For this reason, it was suggested that colleges should consider offering programmes that fit around athletes’ calendars. “An embedded spring break programme is really the only opportunity available to athletes,” noted Lorie Paulez, director of education abroad at Georgia Institute of Technology.
Top-down support for study abroad is necessary in order to make many of these changes, speakers noted.
“If you have leaders on board, you can really move mountains. If you don’t, you can spin your wheels for a long time,” commented James Pellow, president and CEO of CIEE.
He related how, when he had worked at a university, the institution’s board had been reticent to encourage study abroad, but were eventually convinced when they were introduced to students who had.
“It was a flipped switch – you went from ‘students should not be studying abroad’ to ‘every student should be studying abroad'”
“It was a flipped switch – you went from ‘students should not be studying abroad’ to ‘every student should be studying abroad’,” he said.
Having leadership backing study abroad can also be a powerful symbolic gesture, noted Kari Knutson Miller at California State University Fullerton.
She noted that the university’s provost, José Cruz, is the first to have nodded to study abroad in public addresses, which has “made a tremendous difference” to cultivating students’ awareness of and enthusiasm for going overseas.
Making students aware of study abroad opportunities early on was another objective stakeholders agreed can also help to boost outgoing student numbers.
“We understand how important it is to plant the seed of study abroad earlier than junior year,” IIE’s president and CEO, Allan Goodman, told attendees during the opening plenary.

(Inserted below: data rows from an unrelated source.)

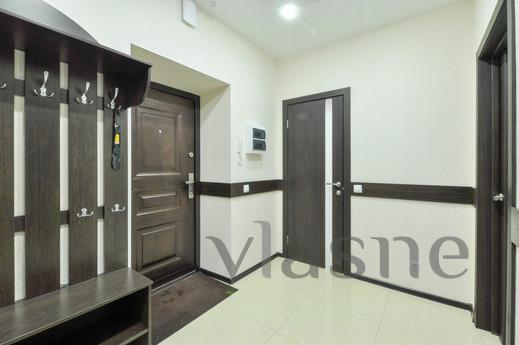 Marin Dom na Surikova, 53a, Yekaterinburg - apartment by the day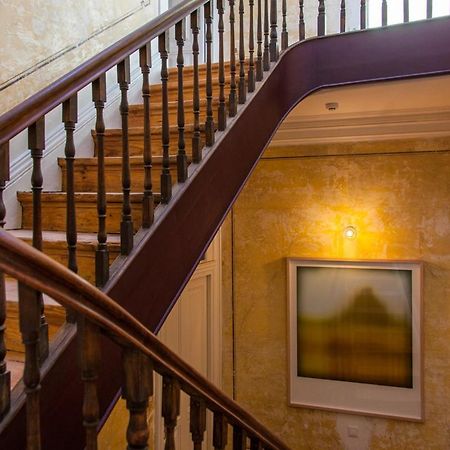 The Art Porto - Holiday Homes Экстерьер фото
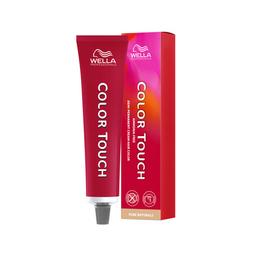 Color Touch Pure Naturals 9/0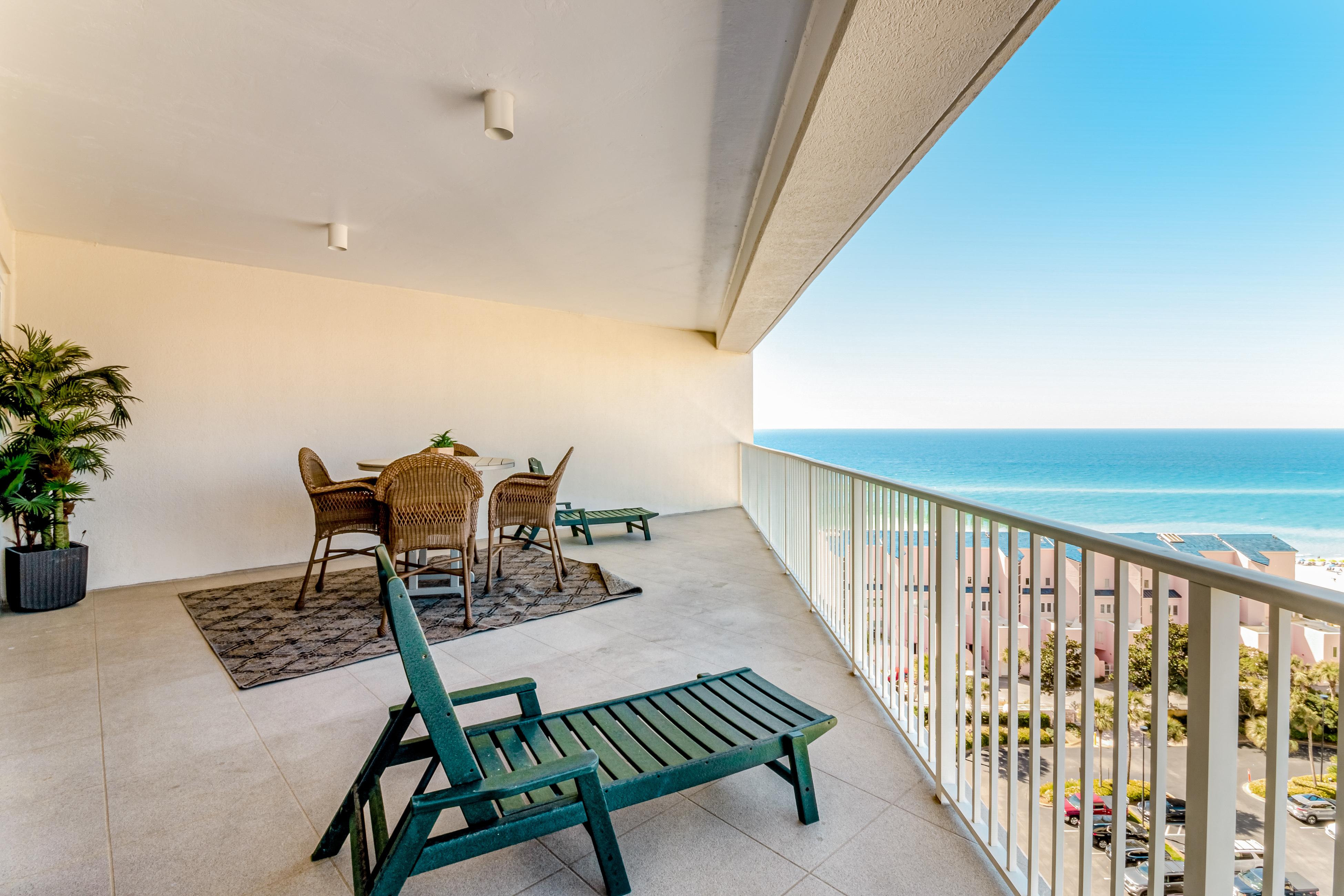 TOPS'L Tides 1010 Condo rental in TOPS'L Tides in Destin Florida - #5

Speaking with The PIE News, Goodman said he had been challenged by a suggestion from a delegate that universities should implement a scheme to target and inform students about study abroad in their first year.
“We’re all grappling with where do you plant the seed and once you do, where do you nurture it? And maybe we’re missing the freshman year as the place we can do that,” he said.
Many first-year college students are discouraged from finding out more about study abroad opportunities as they think related services are only for older students, he noted.